_Problem to work on_
With the pictures left out, restate exactly the part below that opens with the line containing "secondary structure" and closes with the line containing "Phosphorus Depletion Threatens".

_Provided records_
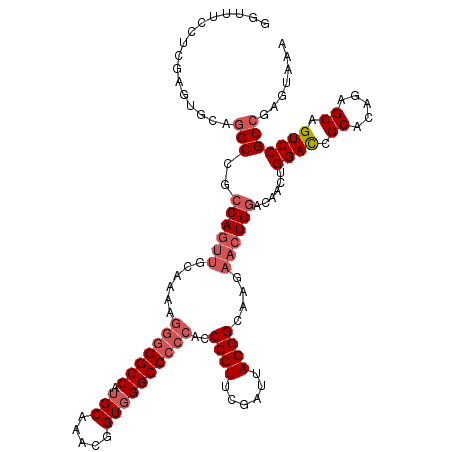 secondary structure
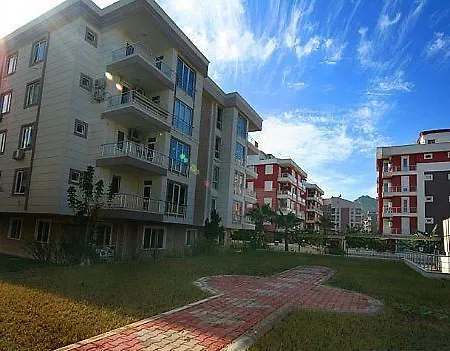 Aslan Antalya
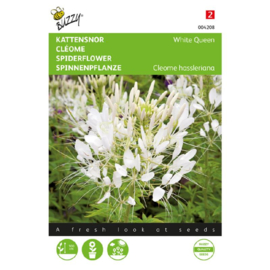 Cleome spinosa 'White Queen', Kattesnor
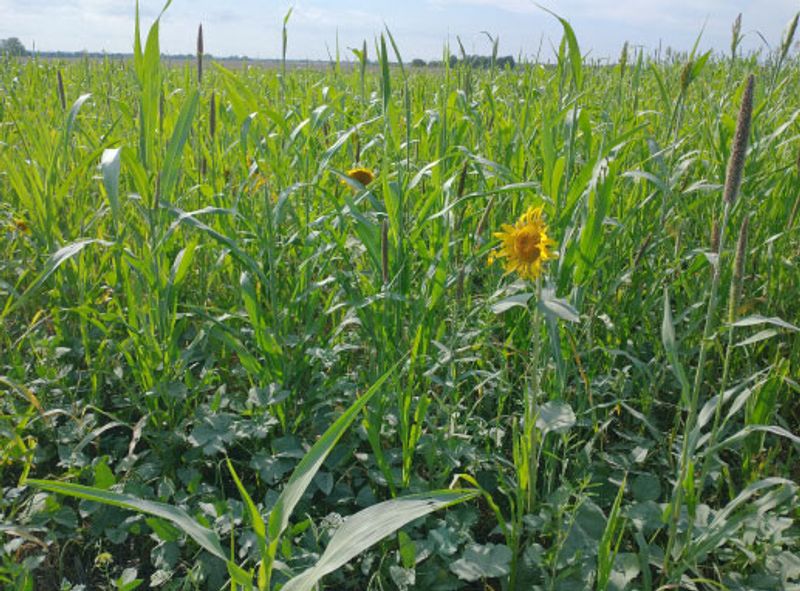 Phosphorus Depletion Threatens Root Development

--

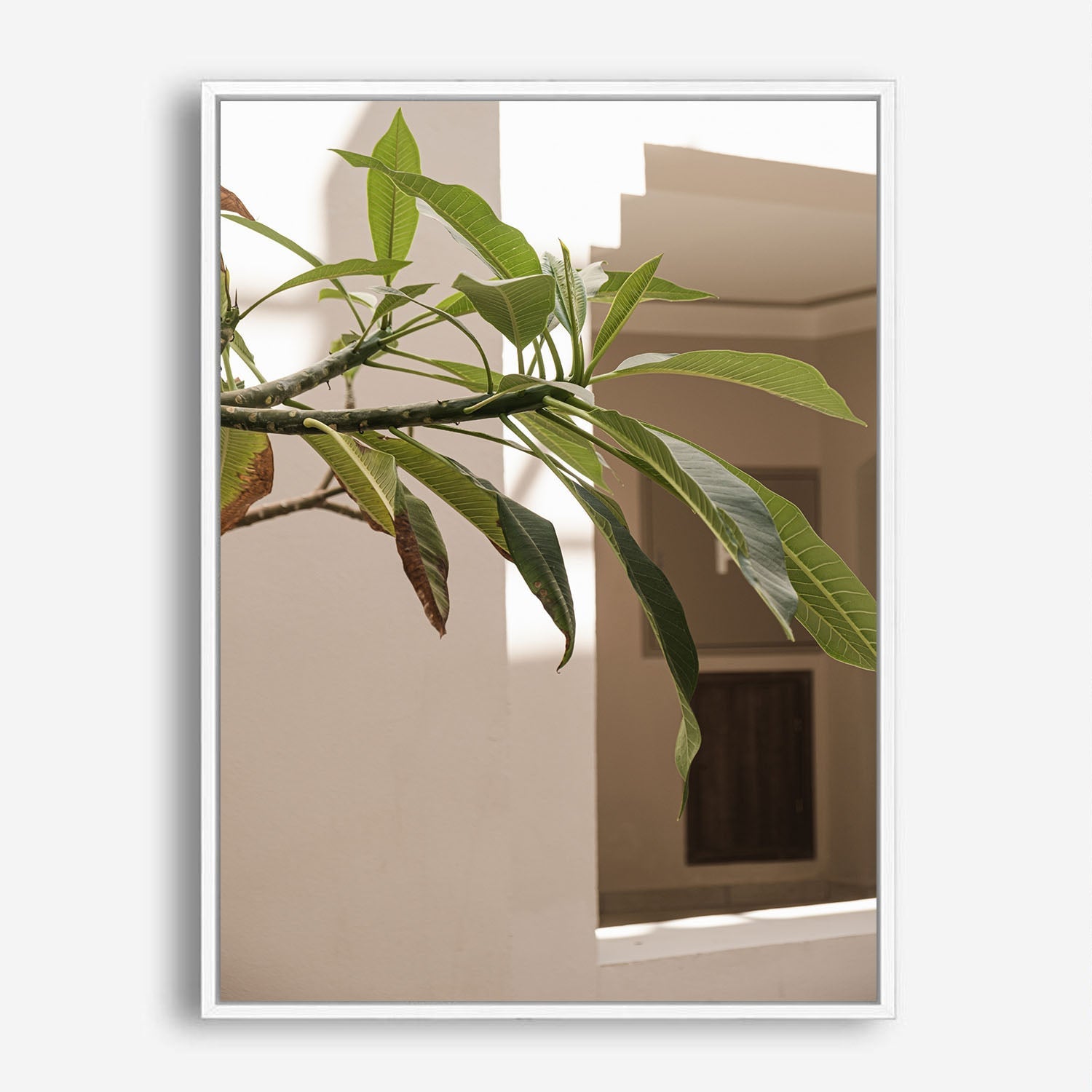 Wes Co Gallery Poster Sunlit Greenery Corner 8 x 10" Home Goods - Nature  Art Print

_Solution for this task_
 secondary structure
 Aslan Antalya
 Cleome spinosa 'White Queen', Kattesnor
 Phosphorus Depletion Threatens Root Development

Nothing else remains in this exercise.